What to produce: Repeat the entries exactly as they are written.

Data for processing:
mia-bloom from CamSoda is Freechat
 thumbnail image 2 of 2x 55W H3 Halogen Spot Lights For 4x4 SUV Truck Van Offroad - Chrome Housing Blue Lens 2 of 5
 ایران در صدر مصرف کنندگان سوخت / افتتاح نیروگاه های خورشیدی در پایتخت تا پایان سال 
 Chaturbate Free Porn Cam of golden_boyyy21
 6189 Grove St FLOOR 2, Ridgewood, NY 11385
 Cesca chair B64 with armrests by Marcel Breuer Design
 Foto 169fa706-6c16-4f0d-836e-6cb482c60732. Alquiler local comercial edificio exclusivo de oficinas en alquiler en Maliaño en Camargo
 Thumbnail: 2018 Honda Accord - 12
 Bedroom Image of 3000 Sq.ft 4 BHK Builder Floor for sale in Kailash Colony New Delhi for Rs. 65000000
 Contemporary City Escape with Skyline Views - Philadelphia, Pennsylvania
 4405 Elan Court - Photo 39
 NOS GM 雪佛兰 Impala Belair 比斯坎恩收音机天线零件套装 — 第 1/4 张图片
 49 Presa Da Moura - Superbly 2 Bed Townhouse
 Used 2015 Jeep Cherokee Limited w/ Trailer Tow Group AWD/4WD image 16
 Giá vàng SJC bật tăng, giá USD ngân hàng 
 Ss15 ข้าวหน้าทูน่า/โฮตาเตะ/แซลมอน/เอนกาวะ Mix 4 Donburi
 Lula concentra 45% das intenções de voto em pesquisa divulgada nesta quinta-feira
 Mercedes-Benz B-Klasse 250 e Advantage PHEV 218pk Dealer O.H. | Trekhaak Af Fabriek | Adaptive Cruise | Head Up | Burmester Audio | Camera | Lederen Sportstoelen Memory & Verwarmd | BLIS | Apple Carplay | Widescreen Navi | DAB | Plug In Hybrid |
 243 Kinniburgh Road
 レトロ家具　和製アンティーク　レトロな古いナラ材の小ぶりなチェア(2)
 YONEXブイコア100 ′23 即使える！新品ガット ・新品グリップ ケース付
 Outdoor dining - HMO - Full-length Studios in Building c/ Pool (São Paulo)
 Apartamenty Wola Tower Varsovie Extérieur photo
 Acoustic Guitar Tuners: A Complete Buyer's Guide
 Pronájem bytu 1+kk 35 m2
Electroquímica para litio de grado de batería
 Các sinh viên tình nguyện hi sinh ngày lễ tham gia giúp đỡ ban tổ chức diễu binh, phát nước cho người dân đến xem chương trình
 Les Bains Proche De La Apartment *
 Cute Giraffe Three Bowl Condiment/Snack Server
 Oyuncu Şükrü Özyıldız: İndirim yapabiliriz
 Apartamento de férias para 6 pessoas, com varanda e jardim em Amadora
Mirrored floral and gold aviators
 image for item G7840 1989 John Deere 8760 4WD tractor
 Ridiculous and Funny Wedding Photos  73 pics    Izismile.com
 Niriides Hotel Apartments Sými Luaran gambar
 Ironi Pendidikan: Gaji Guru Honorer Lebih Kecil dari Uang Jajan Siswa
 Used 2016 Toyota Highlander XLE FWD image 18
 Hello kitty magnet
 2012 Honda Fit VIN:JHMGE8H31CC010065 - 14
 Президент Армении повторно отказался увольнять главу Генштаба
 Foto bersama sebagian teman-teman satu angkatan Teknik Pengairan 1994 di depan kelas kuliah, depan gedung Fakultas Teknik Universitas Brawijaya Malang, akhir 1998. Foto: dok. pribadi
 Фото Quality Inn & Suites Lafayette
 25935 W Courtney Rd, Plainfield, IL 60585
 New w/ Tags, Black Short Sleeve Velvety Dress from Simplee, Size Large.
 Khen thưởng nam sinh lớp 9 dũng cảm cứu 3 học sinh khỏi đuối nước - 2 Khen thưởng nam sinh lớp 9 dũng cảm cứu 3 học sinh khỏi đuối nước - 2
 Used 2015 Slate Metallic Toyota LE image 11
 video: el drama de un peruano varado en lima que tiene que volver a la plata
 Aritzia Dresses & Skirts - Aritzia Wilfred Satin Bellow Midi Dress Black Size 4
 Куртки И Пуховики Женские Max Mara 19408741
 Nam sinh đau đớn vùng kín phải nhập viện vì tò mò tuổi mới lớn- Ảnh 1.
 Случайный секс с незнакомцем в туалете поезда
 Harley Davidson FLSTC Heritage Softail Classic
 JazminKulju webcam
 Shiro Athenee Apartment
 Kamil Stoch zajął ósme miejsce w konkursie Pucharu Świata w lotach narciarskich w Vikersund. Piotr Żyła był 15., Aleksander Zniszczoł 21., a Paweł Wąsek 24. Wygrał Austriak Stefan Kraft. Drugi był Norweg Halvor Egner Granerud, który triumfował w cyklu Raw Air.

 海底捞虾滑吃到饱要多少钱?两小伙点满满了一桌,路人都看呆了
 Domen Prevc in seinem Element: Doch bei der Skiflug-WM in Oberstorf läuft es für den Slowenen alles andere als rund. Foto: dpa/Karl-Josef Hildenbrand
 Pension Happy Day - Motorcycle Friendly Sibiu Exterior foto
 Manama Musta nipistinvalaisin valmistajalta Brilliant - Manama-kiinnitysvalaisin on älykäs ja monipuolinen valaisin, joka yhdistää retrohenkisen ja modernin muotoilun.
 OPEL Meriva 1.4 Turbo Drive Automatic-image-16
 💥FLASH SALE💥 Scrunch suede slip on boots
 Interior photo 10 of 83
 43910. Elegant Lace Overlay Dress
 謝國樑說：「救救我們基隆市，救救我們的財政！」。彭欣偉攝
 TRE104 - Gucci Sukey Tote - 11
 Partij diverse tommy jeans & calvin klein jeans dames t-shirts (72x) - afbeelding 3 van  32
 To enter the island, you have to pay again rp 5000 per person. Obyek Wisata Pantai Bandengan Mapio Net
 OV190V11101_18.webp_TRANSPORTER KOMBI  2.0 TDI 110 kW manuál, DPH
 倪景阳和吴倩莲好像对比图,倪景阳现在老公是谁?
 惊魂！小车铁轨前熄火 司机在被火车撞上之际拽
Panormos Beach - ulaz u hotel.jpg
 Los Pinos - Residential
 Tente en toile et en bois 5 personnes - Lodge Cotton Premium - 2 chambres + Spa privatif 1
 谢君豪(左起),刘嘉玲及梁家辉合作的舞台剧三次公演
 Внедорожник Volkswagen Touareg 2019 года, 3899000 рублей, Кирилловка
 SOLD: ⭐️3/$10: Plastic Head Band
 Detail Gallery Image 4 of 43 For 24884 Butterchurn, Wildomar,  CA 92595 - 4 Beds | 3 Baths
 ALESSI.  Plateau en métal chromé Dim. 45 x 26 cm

The completed task:
mia-bloom from CamSoda is Freechat
 thumbnail image 2 of 2x 55W H3 Halogen Spot Lights For 4x4 SUV Truck Van Offroad - Chrome Housing Blue Lens 2 of 5
 ایران در صدر مصرف کنندگان سوخت / افتتاح نیروگاه های خورشیدی در پایتخت تا پایان سال 
 Chaturbate Free Porn Cam of golden_boyyy21
 6189 Grove St FLOOR 2, Ridgewood, NY 11385
 Cesca chair B64 with armrests by Marcel Breuer Design
 Foto 169fa706-6c16-4f0d-836e-6cb482c60732. Alquiler local comercial edificio exclusivo de oficinas en alquiler en Maliaño en Camargo
 Thumbnail: 2018 Honda Accord - 12
 Bedroom Image of 3000 Sq.ft 4 BHK Builder Floor for sale in Kailash Colony New Delhi for Rs. 65000000
 Contemporary City Escape with Skyline Views - Philadelphia, Pennsylvania
 4405 Elan Court - Photo 39
 NOS GM 雪佛兰 Impala Belair 比斯坎恩收音机天线零件套装 — 第 1/4 张图片
 49 Presa Da Moura - Superbly 2 Bed Townhouse
 Used 2015 Jeep Cherokee Limited w/ Trailer Tow Group AWD/4WD image 16
 Giá vàng SJC bật tăng, giá USD ngân hàng 
 Ss15 ข้าวหน้าทูน่า/โฮตาเตะ/แซลมอน/เอนกาวะ Mix 4 Donburi
 Lula concentra 45% das intenções de voto em pesquisa divulgada nesta quinta-feira
 Mercedes-Benz B-Klasse 250 e Advantage PHEV 218pk Dealer O.H. | Trekhaak Af Fabriek | Adaptive Cruise | Head Up | Burmester Audio | Camera | Lederen Sportstoelen Memory & Verwarmd | BLIS | Apple Carplay | Widescreen Navi | DAB | Plug In Hybrid |
 243 Kinniburgh Road
 レトロ家具　和製アンティーク　レトロな古いナラ材の小ぶりなチェア(2)
 YONEXブイコア100 ′23 即使える！新品ガット ・新品グリップ ケース付
 Outdoor dining - HMO - Full-length Studios in Building c/ Pool (São Paulo)
 Apartamenty Wola Tower Varsovie Extérieur photo
 Acoustic Guitar Tuners: A Complete Buyer's Guide
 Pronájem bytu 1+kk 35 m2
Electroquímica para litio de grado de batería
 Các sinh viên tình nguyện hi sinh ngày lễ tham gia giúp đỡ ban tổ chức diễu binh, phát nước cho người dân đến xem chương trình
 Les Bains Proche De La Apartment *
 Cute Giraffe Three Bowl Condiment/Snack Server
 Oyuncu Şükrü Özyıldız: İndirim yapabiliriz
 Apartamento de férias para 6 pessoas, com varanda e jardim em Amadora
Mirrored floral and gold aviators
 image for item G7840 1989 John Deere 8760 4WD tractor
 Ridiculous and Funny Wedding Photos  73 pics    Izismile.com
 Niriides Hotel Apartments Sými Luaran gambar
 Ironi Pendidikan: Gaji Guru Honorer Lebih Kecil dari Uang Jajan Siswa
 Used 2016 Toyota Highlander XLE FWD image 18
 Hello kitty magnet
 2012 Honda Fit VIN:JHMGE8H31CC010065 - 14
 Президент Армении повторно отказался увольнять главу Генштаба
 Foto bersama sebagian teman-teman satu angkatan Teknik Pengairan 1994 di depan kelas kuliah, depan gedung Fakultas Teknik Universitas Brawijaya Malang, akhir 1998. Foto: dok. pribadi
 Фото Quality Inn & Suites Lafayette
 25935 W Courtney Rd, Plainfield, IL 60585
 New w/ Tags, Black Short Sleeve Velvety Dress from Simplee, Size Large.
 Khen thưởng nam sinh lớp 9 dũng cảm cứu 3 học sinh khỏi đuối nước - 2 Khen thưởng nam sinh lớp 9 dũng cảm cứu 3 học sinh khỏi đuối nước - 2
 Used 2015 Slate Metallic Toyota LE image 11
 video: el drama de un peruano varado en lima que tiene que volver a la plata
 Aritzia Dresses & Skirts - Aritzia Wilfred Satin Bellow Midi Dress Black Size 4
 Куртки И Пуховики Женские Max Mara 19408741
 Nam sinh đau đớn vùng kín phải nhập viện vì tò mò tuổi mới lớn- Ảnh 1.
 Случайный секс с незнакомцем в туалете поезда
 Harley Davidson FLSTC Heritage Softail Classic
 JazminKulju webcam
 Shiro Athenee Apartment
 Kamil Stoch zajął ósme miejsce w konkursie Pucharu Świata w lotach narciarskich w Vikersund. Piotr Żyła był 15., Aleksander Zniszczoł 21., a Paweł Wąsek 24. Wygrał Austriak Stefan Kraft. Drugi był Norweg Halvor Egner Granerud, który triumfował w cyklu Raw Air.

 海底捞虾滑吃到饱要多少钱?两小伙点满满了一桌,路人都看呆了
 Domen Prevc in seinem Element: Doch bei der Skiflug-WM in Oberstorf läuft es für den Slowenen alles andere als rund. Foto: dpa/Karl-Josef Hildenbrand
 Pension Happy Day - Motorcycle Friendly Sibiu Exterior foto
 Manama Musta nipistinvalaisin valmistajalta Brilliant - Manama-kiinnitysvalaisin on älykäs ja monipuolinen valaisin, joka yhdistää retrohenkisen ja modernin muotoilun.
 OPEL Meriva 1.4 Turbo Drive Automatic-image-16
 💥FLASH SALE💥 Scrunch suede slip on boots
 Interior photo 10 of 83
 43910. Elegant Lace Overlay Dress
 謝國樑說：「救救我們基隆市，救救我們的財政！」。彭欣偉攝
 TRE104 - Gucci Sukey Tote - 11
 Partij diverse tommy jeans & calvin klein jeans dames t-shirts (72x) - afbeelding 3 van  32
 To enter the island, you have to pay again rp 5000 per person. Obyek Wisata Pantai Bandengan Mapio Net
 OV190V11101_18.webp_TRANSPORTER KOMBI  2.0 TDI 110 kW manuál, DPH
 倪景阳和吴倩莲好像对比图,倪景阳现在老公是谁?
 惊魂！小车铁轨前熄火 司机在被火车撞上之际拽
Panormos Beach - ulaz u hotel.jpg
 Los Pinos - Residential
 Tente en toile et en bois 5 personnes - Lodge Cotton Premium - 2 chambres + Spa privatif 1
 谢君豪(左起),刘嘉玲及梁家辉合作的舞台剧三次公演
 Внедорожник Volkswagen Touareg 2019 года, 3899000 рублей, Кирилловка
 SOLD: ⭐️3/$10: Plastic Head Band
 Detail Gallery Image 4 of 43 For 24884 Butterchurn, Wildomar,  CA 92595 - 4 Beds | 3 Baths
 ALESSI.  Plateau en métal chromé Dim. 45 x 26 cm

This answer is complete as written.